[Opening Records for processing section]

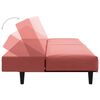 vidaXL B&auml;ddsoffa 2-sits med fotpall rosa sammet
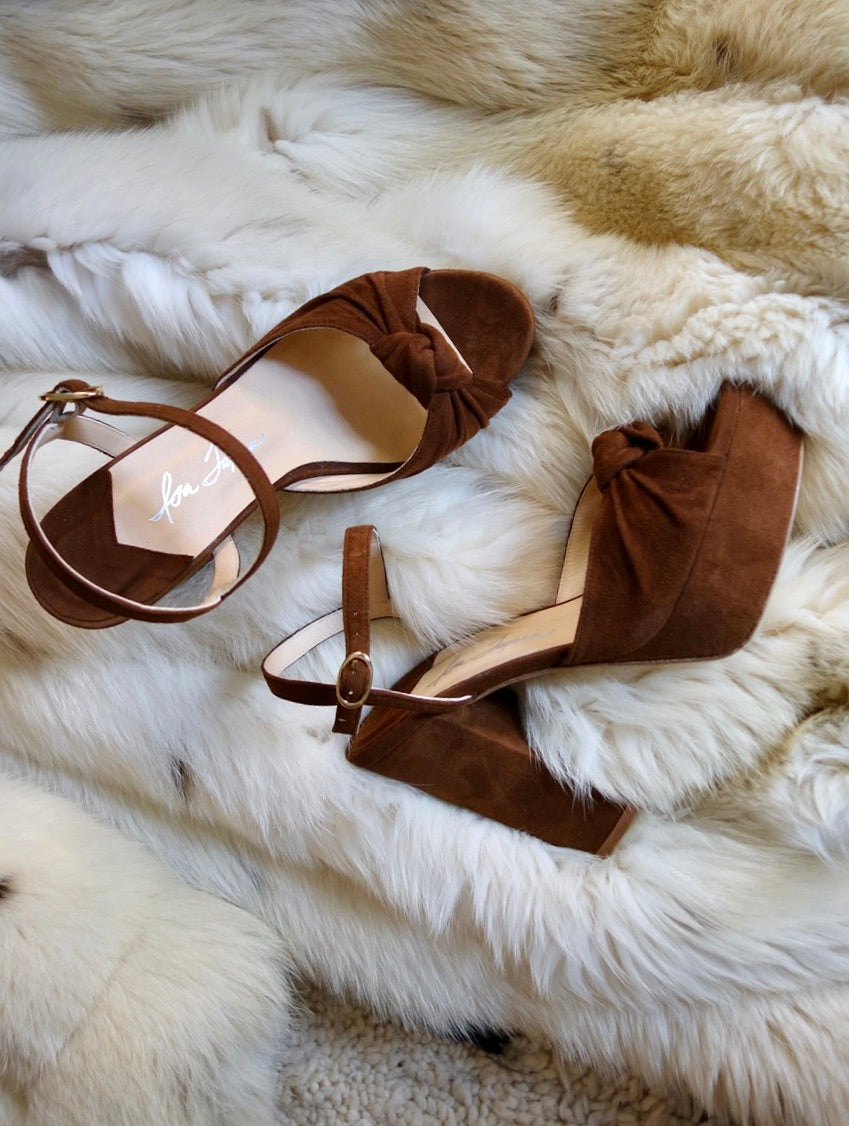 Macarena Chocolate Brown Kid Suede Platform – Isa Tapia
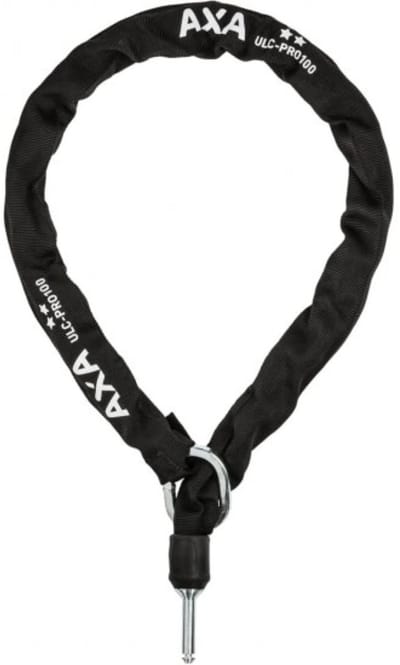 AXA ULC Pro 100 Insteekketting – ART 2 Gecertificeerd – 100 cm – 8,5 mm Gehard Staal – Compatibel met AXA Imenso & Block XXL – 10 mm Plug‑in Pin – Polyester Beschermhoes – Zwart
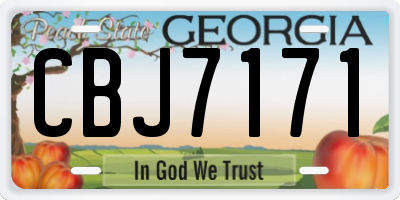 GA license plate CBJ7171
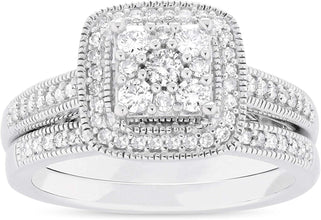 .925 Sterling Silver 1/2 Cttw Diamond Square Cluster Halo Milgrain Engagement Ring & Wedding Band Bridal Set (H-I Color, I1-I2 Clarity)
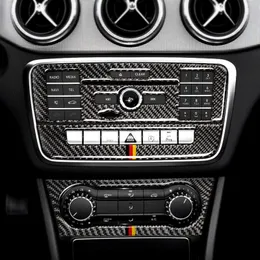 Carbon Fiber CD Air Conditioning Control Panel car Stickers cover For Mercedes W169 W245 W117 W156 A Class B Class CLA GLA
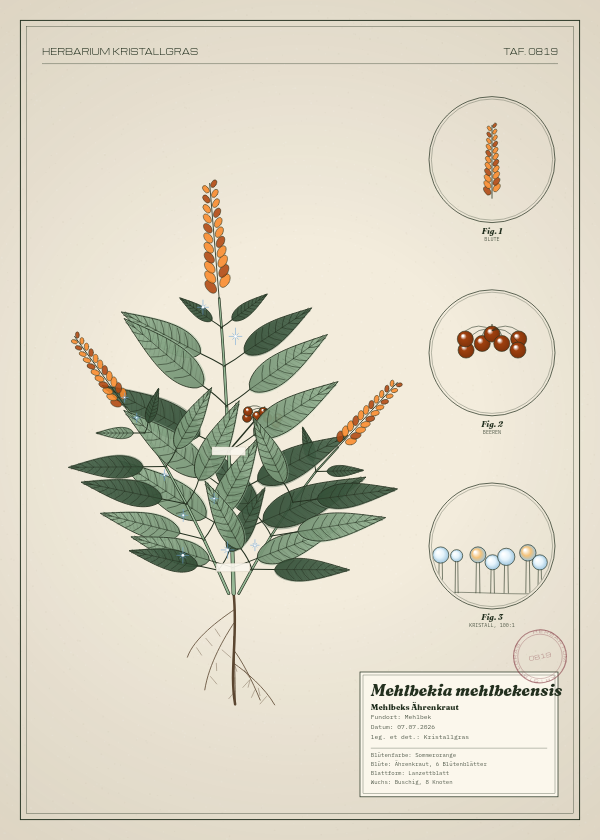 Botanische Tafel: Mehlbekia mehlbekensis, eine erfundene Pflanze aus Mehlbek, gezeichnet wie in einem alten Pflanzenatlas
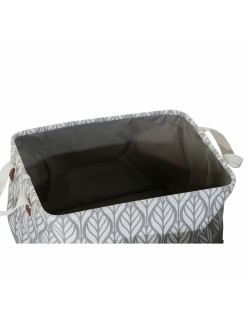 Set di Cestini DKD Home Decor Bianco Marrone Grigio Blu Marino Foglia della pianta Boho 40 x 30 x 24 cm Plastica 3 Pezzi (2 Unit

[Closing Records for processing section]

# [What to do]
Return all the records exactly, excluding images.

# [Exercise result]
 vidaXL B&auml;ddsoffa 2-sits med fotpall rosa sammet
 Macarena Chocolate Brown Kid Suede Platform – Isa Tapia
 AXA ULC Pro 100 Insteekketting – ART 2 Gecertificeerd – 100 cm – 8,5 mm Gehard Staal – Compatibel met AXA Imenso & Block XXL – 10 mm Plug‑in Pin – Polyester Beschermhoes – Zwart
 GA license plate CBJ7171
 .925 Sterling Silver 1/2 Cttw Diamond Square Cluster Halo Milgrain Engagement Ring & Wedding Band Bridal Set (H-I Color, I1-I2 Clarity)
 Carbon Fiber CD Air Conditioning Control Panel car Stickers cover For Mercedes W169 W245 W117 W156 A Class B Class CLA GLA
 Botanische Tafel: Mehlbekia mehlbekensis, eine erfundene Pflanze aus Mehlbek, gezeichnet wie in einem alten Pflanzenatlas
 Set di Cestini DKD Home Decor Bianco Marrone Grigio Blu Marino Foglia della pianta Boho 40 x 30 x 24 cm Plastica 3 Pezzi (2 Unit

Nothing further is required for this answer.